Factors Researchers Often Overlook
The user's framing covers most of the major considerations. A few factors that often go underweighted:
Mucociliary clearance kinetics. The 15 to 20 minute window after IN administration is the absorption window. Beyond that, peptide is swept to the throat and either swallowed or exits the system. This caps the practical absorption time regardless of dose, and it differs by species (rodents have shorter clearance times than primates).
Nasal proteases. The nasal mucosa contains aminopeptidases, endopeptidases, and other proteolytic enzymes that can degrade peptides before absorption. Selank and DSIP are reasonably stable in this environment; Kisspeptin-10 is less characterized for nasal mucosal stability and may degrade faster.
Volume constraints in rodent IN administration. Mice can typically receive 5 to 10 microliters per nostril without overflow; rats can receive 10 to 25 microliters per nostril. This caps the volume deliverable in a given administration and forces researchers to use concentrated solutions, which can change pharmacokinetics nonlinearly.
Anesthesia confound for IN administration. Most rodent IN protocols use light isoflurane anesthesia to position the animal and prevent sneezing. The anesthesia itself can affect endpoints, especially in sleep, stress, and behavioral paradigms. SC administration in unrestrained animals avoids this.
Reproducibility variance. IN bioavailability varies more between animals and between days (with mucosal hydration, breathing pattern, head angle) than SC. For studies requiring tight statistical power, this matters.
Vehicle compatibility. Some IN formulations require permeation enhancers or specific buffer chemistry to optimize absorption. Others tolerate simple bacteriostatic water reconstitution. Vehicle differences can be a hidden source of variability.
Olfactory vs trigeminal vs respiratory pathway differences. The three IN-to-brain pathways have different transport kinetics and brain region biases. Olfactory dominates direct nose-to-brain delivery; trigeminal contributes to brainstem regions; respiratory absorption goes systemic. Different IN administration techniques bias toward different pathways.
For the broader methodology context, Peptide Research Design: In Vivo Study Fundamentals covers vehicle controls, sample size, and design considerations relevant to any route.
A Decision Framework for the Three Peptides
Putting the considerations together:
Selank: Intranasal. The published literature, the commercial Russian formulation, and the cluster of established CNS endpoints all point to IN as the default. SC is appropriate only for specific PK/distribution questions where IN is being compared.
DSIP: Endpoint-driven. For sleep architecture, behavioral CNS, and neuroprotection endpoints, IN. For HPA axis, peripheral immune, and systemic stress endpoints, SC. Many DSIP research designs use SC because the endpoints are systemic; many use IN because the endpoints are central.

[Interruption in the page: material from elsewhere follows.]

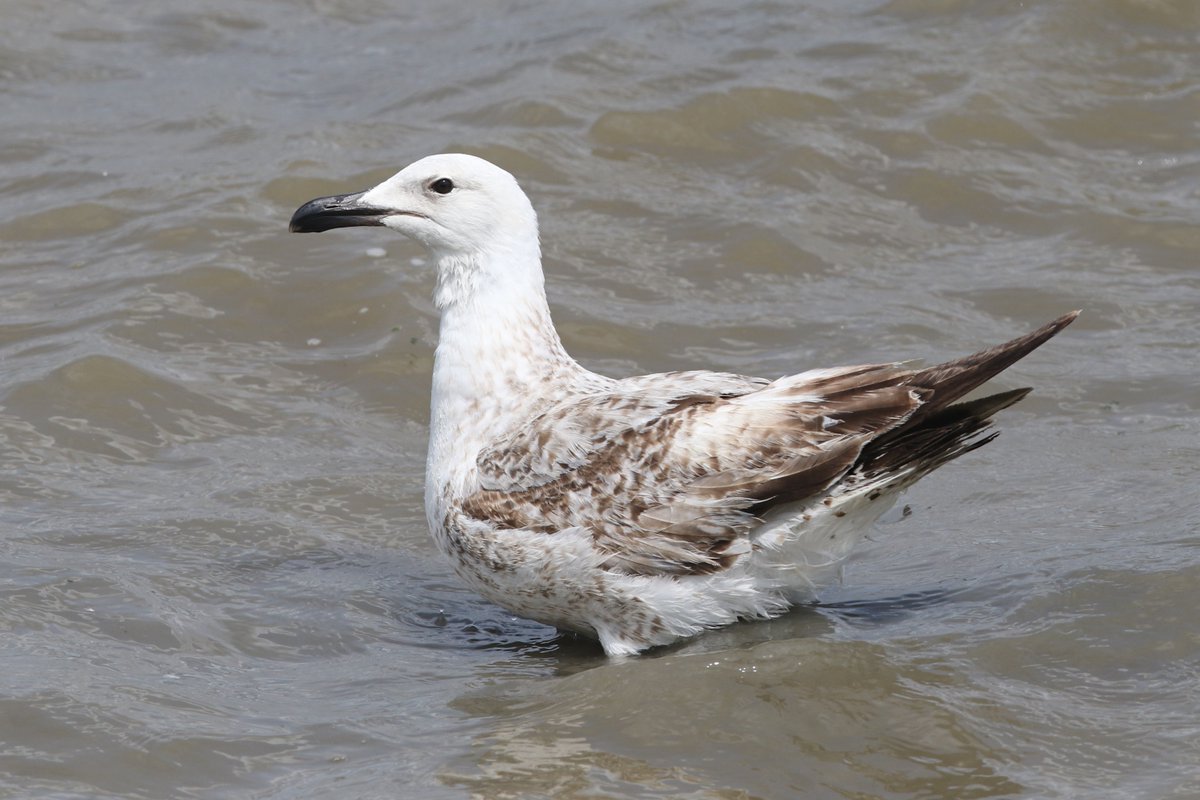 1st-summer Caspian Gull at Crossness this a'noon. This beast of a male was calling frequently, including the begging call a year on since its birth! Looking typically battered plumage wise given the time of year. #londonbirds
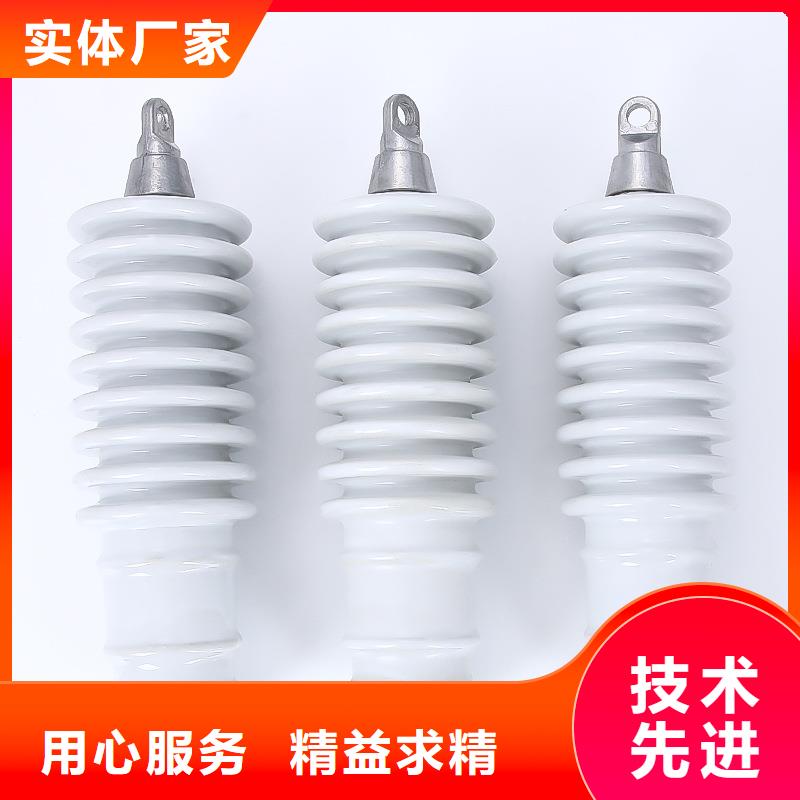 【避雷器】_高低压电器细节之处更加用心-服务范围包括新邱|彰武|抚顺|沈阳|本溪|朝阳|盘锦|大连等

The published literature supports both.
Kisspeptin: Subcutaneous (or IV bolus for pulse studies). The hypothalamic target is accessible via systemic circulation through the median eminence CVO. Pulse architecture matters for HPG axis endpoints, which favors IV bolus. Chronic protocols favor SC for practicality. IN is the right choice only for non-HPG-axis CNS questions where direct brain access matters more than systemic exposure.
What Distinguishes Research Sourcing for These Three
For researchers planning to source these peptides for laboratory work, the analytical and operational considerations are similar across the three. Each requires HPLC purity verification above 98 percent, mass spectrometry molecular weight match, peptide content quantification, and a batch-specific Certificate of Analysis. Reliable suppliers ship all three under matching analytical specifications. For the framework that applies to any research peptide source, see the Most Reliable Peptide Company sourcing guide and the cluster pillar Peptides in Research: A Comprehensive Guide to Peptide Science.
DSIP and Selank 10mg are available in the Midwest Peptide research catalog. Kisspeptin is supplied through specialty research peptide channels; researchers studying the HPG axis typically maintain their kisspeptin sourcing through dedicated suppliers familiar with the molecule's chemistry and stability requirements.
External References for Administration Route Research
For external authoritative context on subcutaneous vs intranasal peptide delivery:
Bottom Line
For three CNS-active research peptides under 1300 Da, the published literature points to clear default routes: Selank intranasal, kisspeptin subcutaneous (or IV bolus), and DSIP endpoint-dependent across both routes. Molecular size is not the differentiator since all three are well below the nasal mucosal threshold. The differentiators are target tissue anatomy (kisspeptin's hypothalamic target is accessible via systemic circulation through a circumventricular organ; Selank's broader CNS targets benefit from direct nose-to-brain access), published methodology precedent (Selank's Russian research program established IN as the standard), and the specific endpoints being measured (DSIP's sleep vs HPA axis split).
Researchers planning new studies should align route selection with the cited literature wherever possible, document any route deviations explicitly in the study design, and consider the practical factors (mucociliary clearance, volume constraints, anesthesia confound, reproducibility variance) that shape IN feasibility in chronic protocols. All discussion is for laboratory and in-vivo research only. Not for human consumption.